All isolates in this study were diagnosed as P. aeroginosa according to the 16srRNA gene. Only two isolates were produced chitinase on chitin agar medium and were positive to the chiA gene. Most of the isolates exhibited high sensitivity (95%) and (90%) to Imipenem and Carbenicillin, respectively, and the resistance to Amoxicillin + Clavulanic acid was shown (80%), while revealed a variable degree in their response to others antibiotics. The crude extract activity and specific activity for extracted chitinase enzymes were 33 U/ml and 18.644U/mg, respectively. The enzyme was purified by different steps include: precipitating with saturation 70% of ammonium sulfate and then applied on ion-exchange chromatography using DEAE- cellulose column and then employ the Sephadex G-200 column for gel filtration chromatography. The purification fold and yield was 28.5%. The molecular weight of the purified enzyme was determined by SDS-PAGE method, and it appeared at 50 kDa.

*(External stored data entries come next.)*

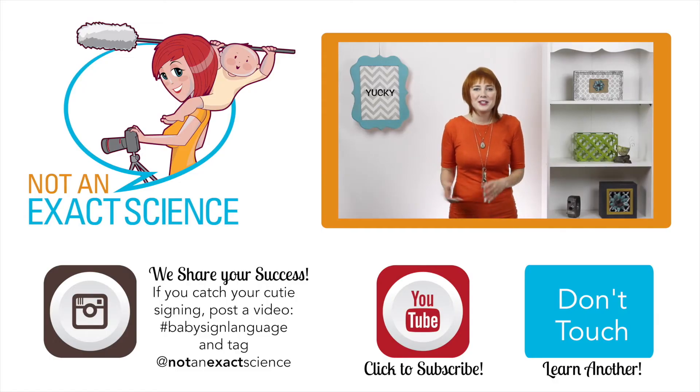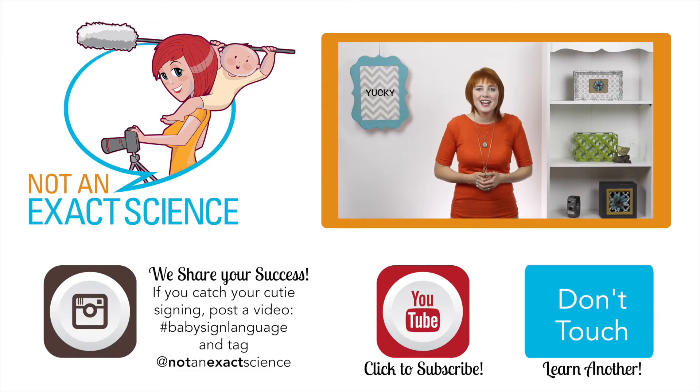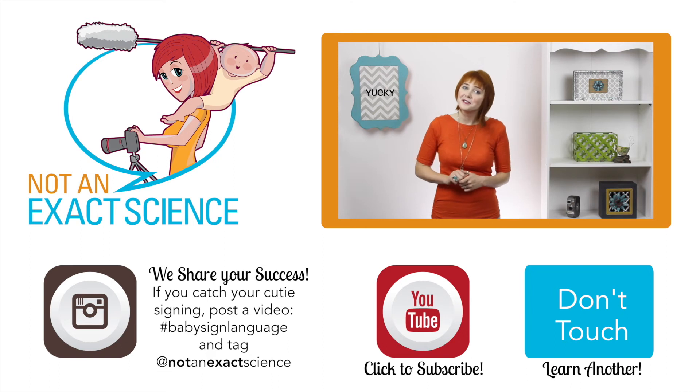As you're consistent, your baby can start to make the association and then start signing. You're way awesome for teaching your baby to sign — they are so lucky to have you. I just wanted to remind you of that.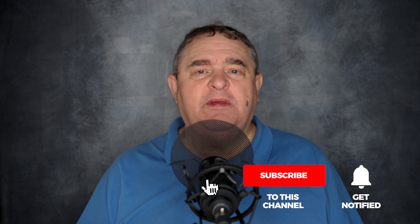And to make sure you don't miss any of my latest videos, smash that notification bell. Until next time, keep creating.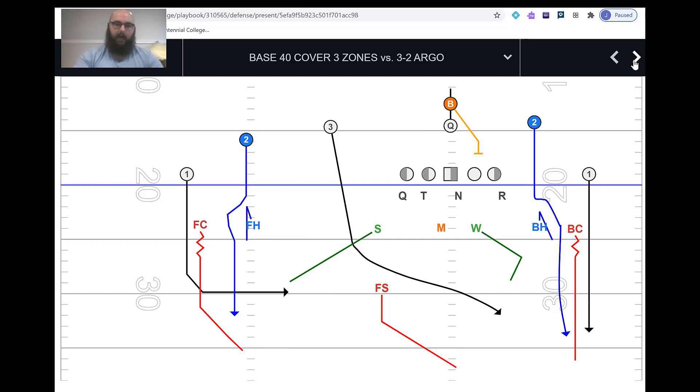I've drawn up a couple of route distributions. I specifically chose three plays: one where the running back stays in the down — meaning he's not immediately presenting as a fast threat to either side — so not a fast three to the boundary or a fast four to the field.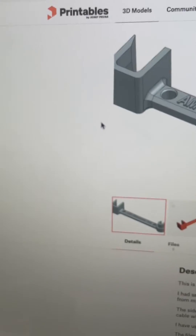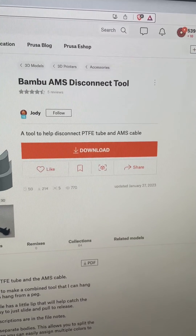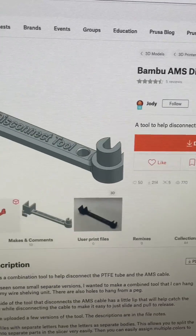If you want one of these tools for yourself, just hop on over to Printables.com and search for Bambu AMS Disconnect Tool by Jody. Thank you Jody for this awesome tool.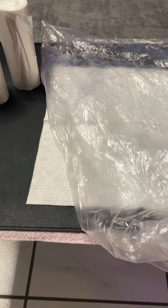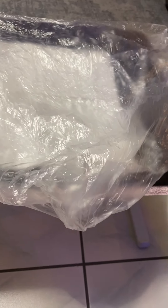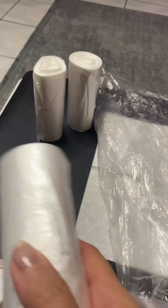Hi, this is my video review on these clear four to six gallon can liners. There's a bunch — I just put a couple of rolls up here for display, but there's six of these.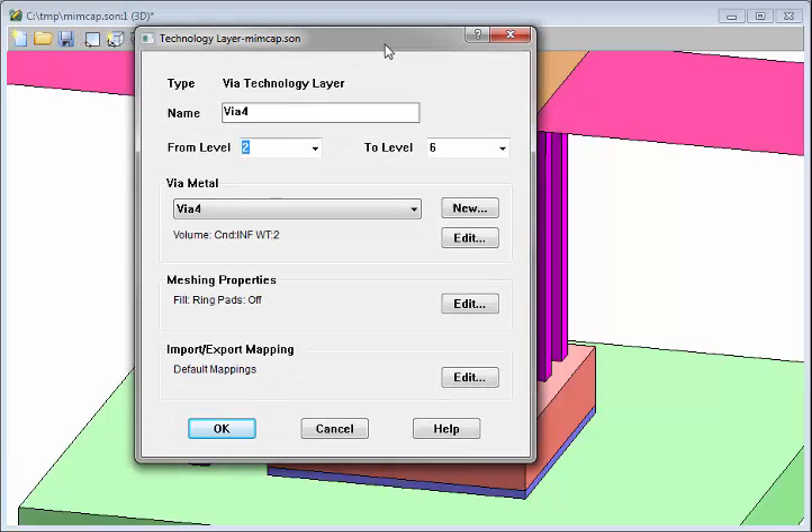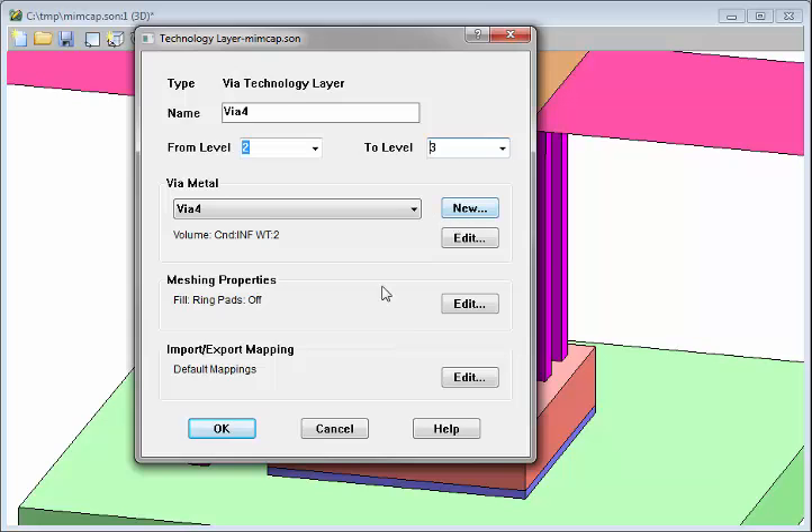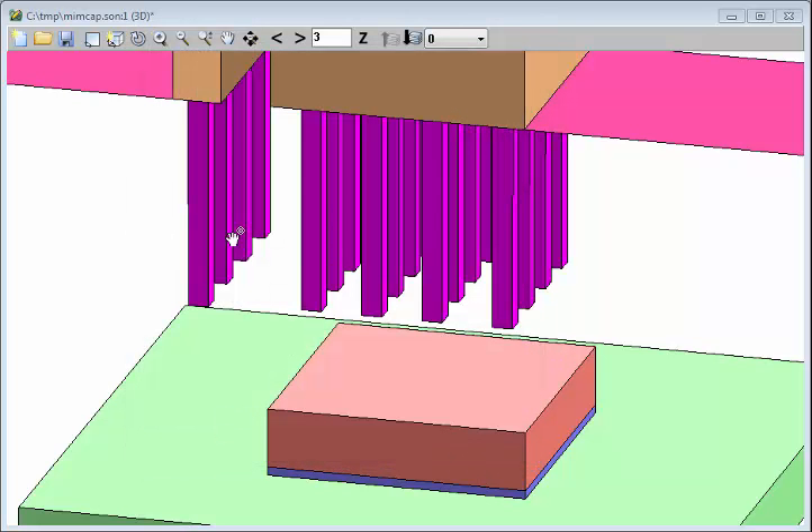All of these vias have the same definition, even though they're stopping at different levels. To show that, I'll switch them to level 3. So now they're all stopping at level 3, and so it's not touching any metal in the circuit.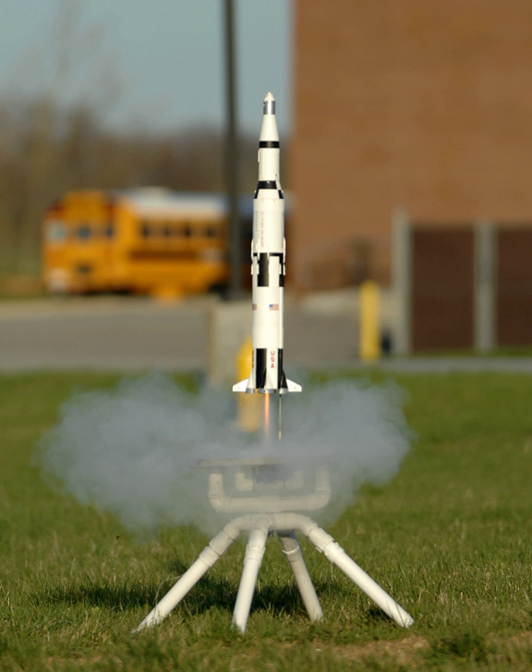The impulse — the area under the thrust-time curve of a model motor — is used to determine its class. Motors are divided into classes from one-quarter A to O and beyond. Black powder rocket motors are only commonly produced up to class E. Each class's upper limit is double the upper limit of the previous class. Model rockets only use motors that are G and below. Rockets using motors with a greater impulse are considered high-power rockets.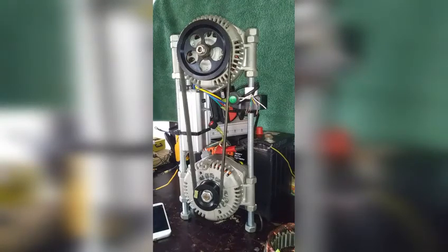For the 12-volt ultimotor, also known as a free energy generator — thank you for watching, see you again.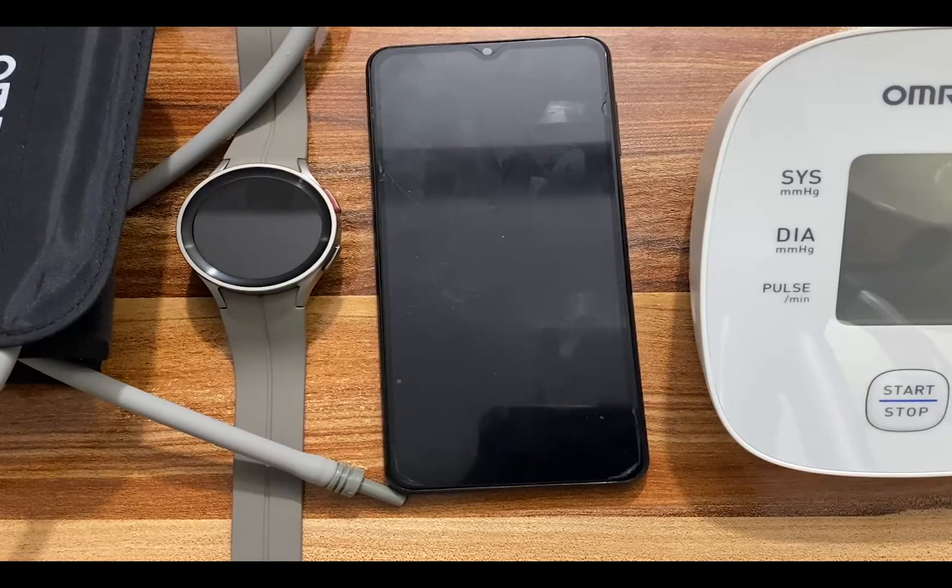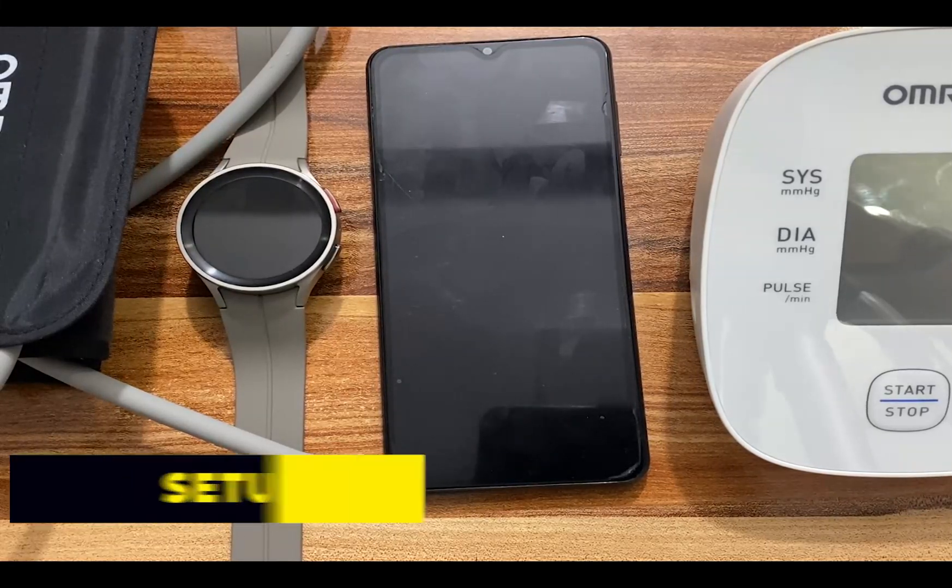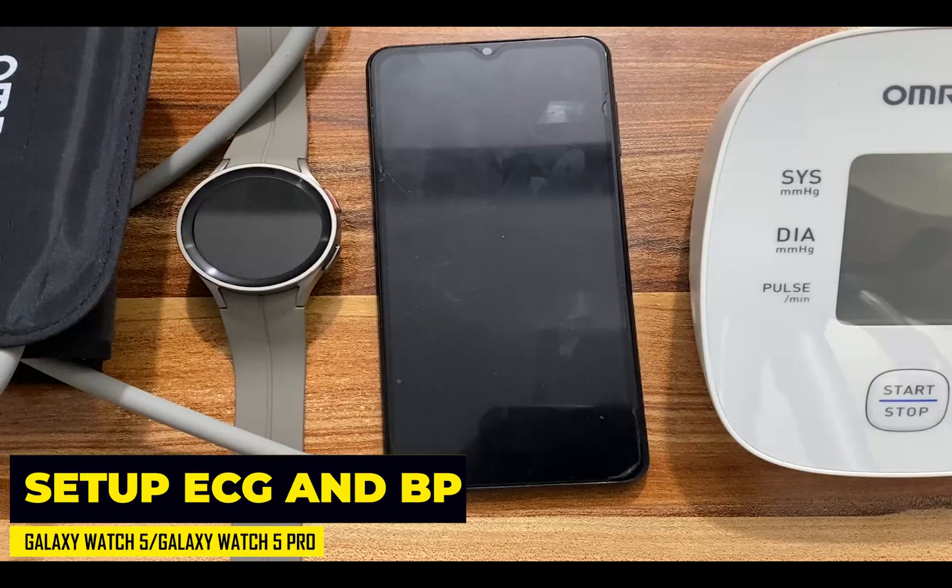Hello everyone, it's Judy and welcome to Smartwatch Series. In this video, I'm going to show you how to set up ECG and blood pressure measurement on your Galaxy Watch 5 or Galaxy Watch 5 Pro the proper way.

The results of the MTT assay showed that the chitinase has a cytotoxic effect on cancer liver cell lines at a concentration of 100 µg/ml and increased gradually at a concentration of 600 µg /ml, while it showed no or less cytotoxic effect on normal embryonic liver cell line (WRL-68). Chitinase enzyme appeared a higher antibacterial activity at concentration 600 µg/ml and a lower activity at concentration 400 towards clinical isolates of S. aurous and E. coli. The study of histopathological effects was exhibited little morphological changes on cells of liver tissues.